- **What to work on**
Exactly as they appear below, repeat the lines from the one with "10642 Lost Maples Dr, Cleveland, TX 77328" through the one with "汚れた場合は、水で手洗い可能です。", and no others.

- **Study material**

------------------------

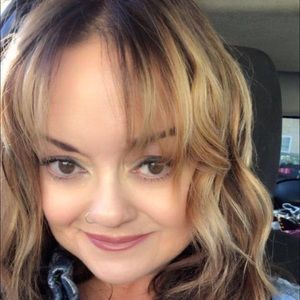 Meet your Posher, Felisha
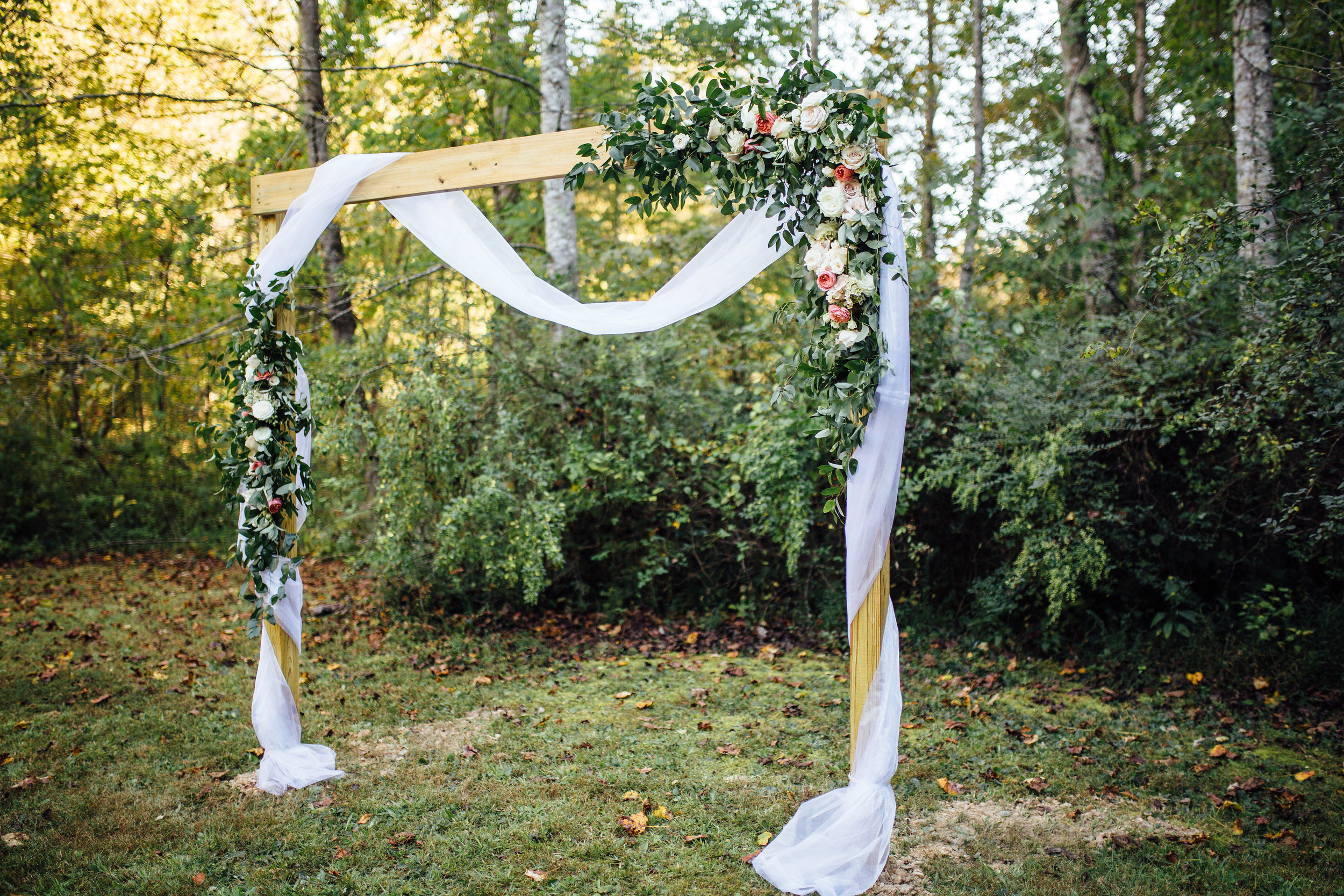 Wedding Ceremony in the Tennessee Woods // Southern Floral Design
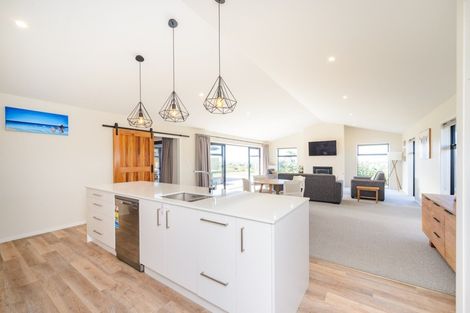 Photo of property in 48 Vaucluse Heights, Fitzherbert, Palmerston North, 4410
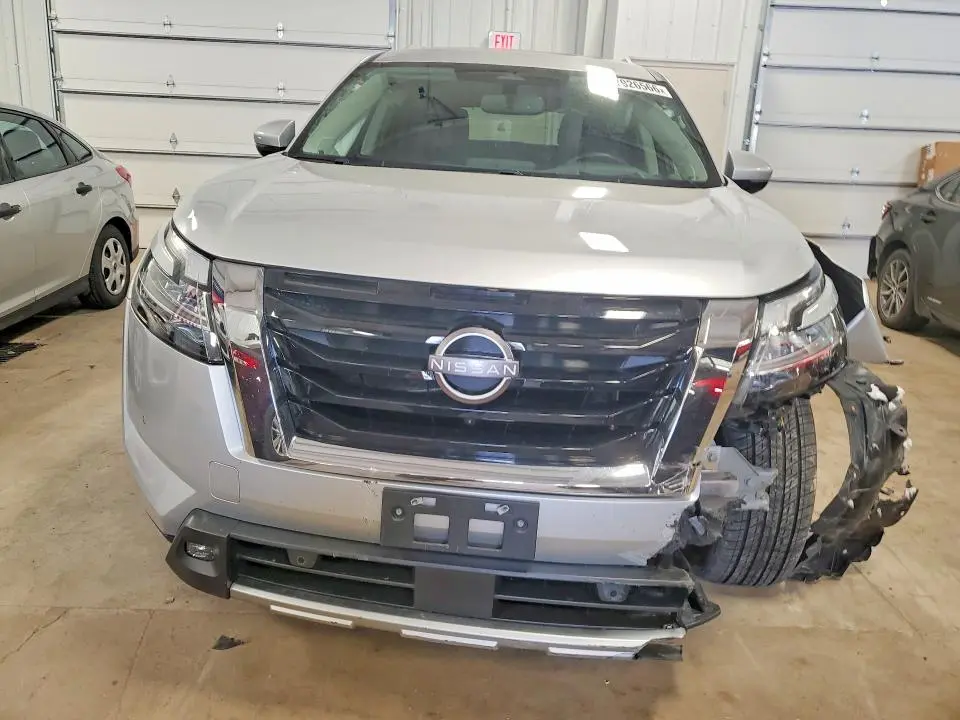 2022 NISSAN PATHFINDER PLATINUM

------------------------

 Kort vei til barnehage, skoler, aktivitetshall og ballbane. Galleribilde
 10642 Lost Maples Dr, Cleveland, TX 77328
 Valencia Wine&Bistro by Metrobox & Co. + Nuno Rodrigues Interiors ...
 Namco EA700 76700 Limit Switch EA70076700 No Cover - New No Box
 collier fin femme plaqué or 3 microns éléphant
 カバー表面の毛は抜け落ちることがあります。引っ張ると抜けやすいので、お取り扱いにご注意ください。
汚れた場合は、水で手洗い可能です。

------------------------

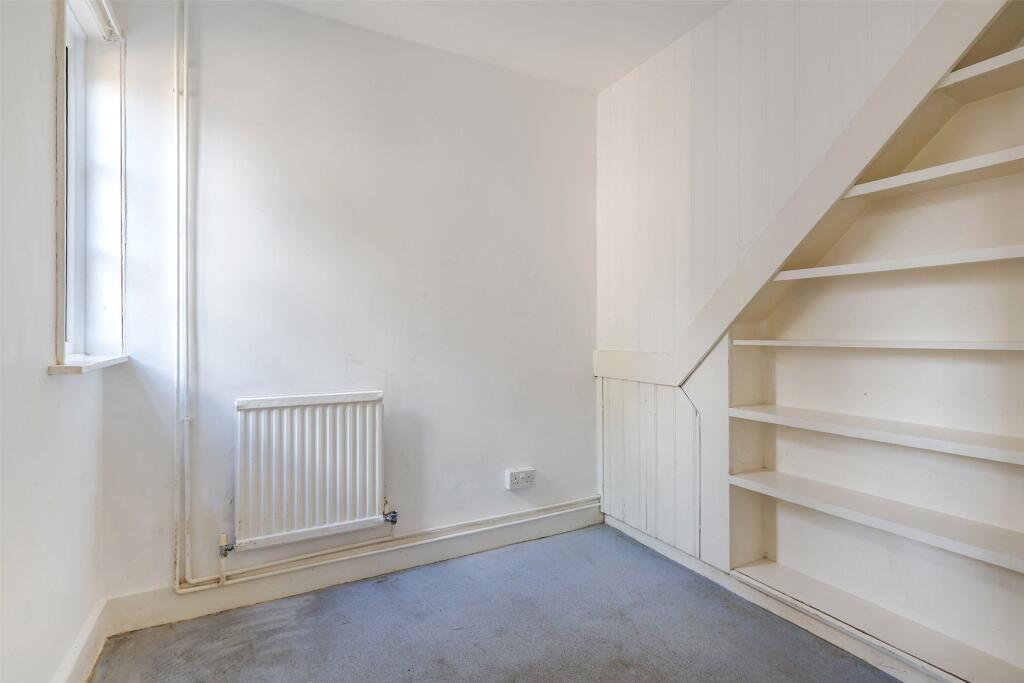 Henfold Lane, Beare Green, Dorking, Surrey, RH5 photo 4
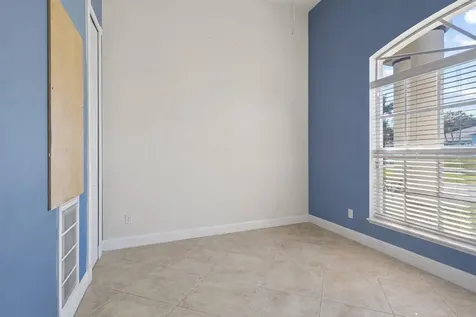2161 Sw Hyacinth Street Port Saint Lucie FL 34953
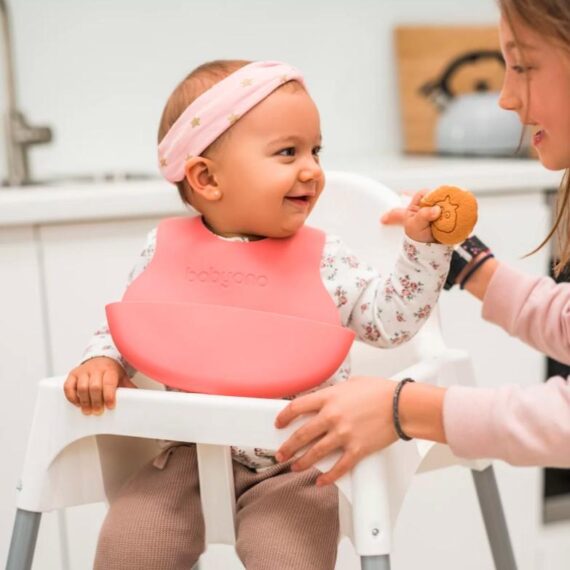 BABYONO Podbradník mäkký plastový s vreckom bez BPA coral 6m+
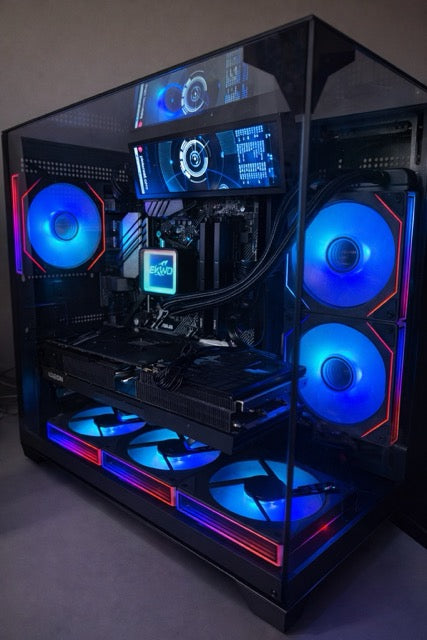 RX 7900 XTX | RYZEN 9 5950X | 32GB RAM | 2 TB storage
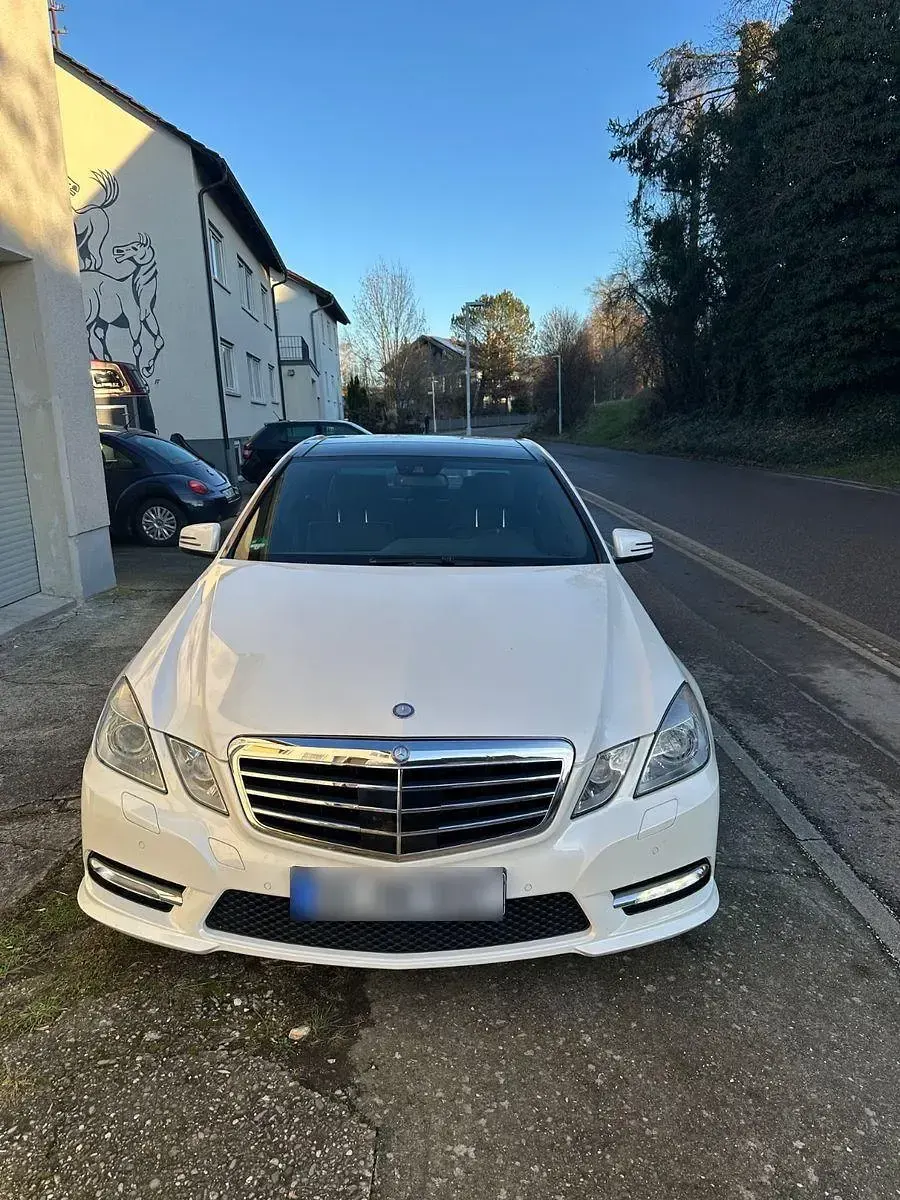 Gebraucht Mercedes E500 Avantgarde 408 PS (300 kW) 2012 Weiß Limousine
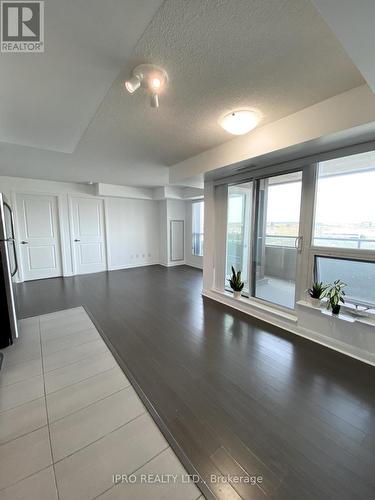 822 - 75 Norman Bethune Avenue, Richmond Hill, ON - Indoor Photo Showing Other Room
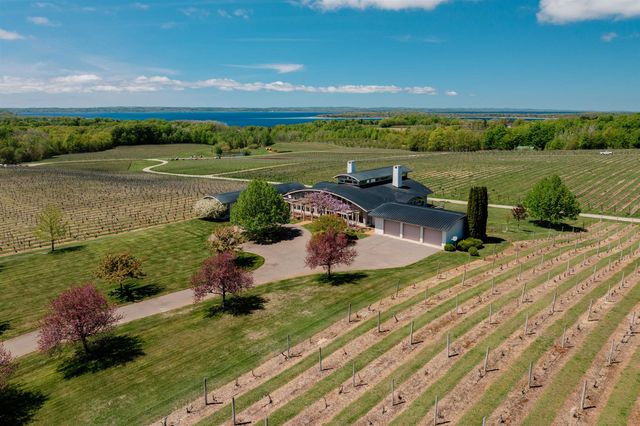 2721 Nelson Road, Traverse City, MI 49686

------------------------

- **Finished exercise**
 10642 Lost Maples Dr, Cleveland, TX 77328
 Valencia Wine&Bistro by Metrobox & Co. + Nuno Rodrigues Interiors ...
 Namco EA700 76700 Limit Switch EA70076700 No Cover - New No Box
 collier fin femme plaqué or 3 microns éléphant
 カバー表面の毛は抜け落ちることがあります。引っ張ると抜けやすいので、お取り扱いにご注意ください。
汚れた場合は、水で手洗い可能です。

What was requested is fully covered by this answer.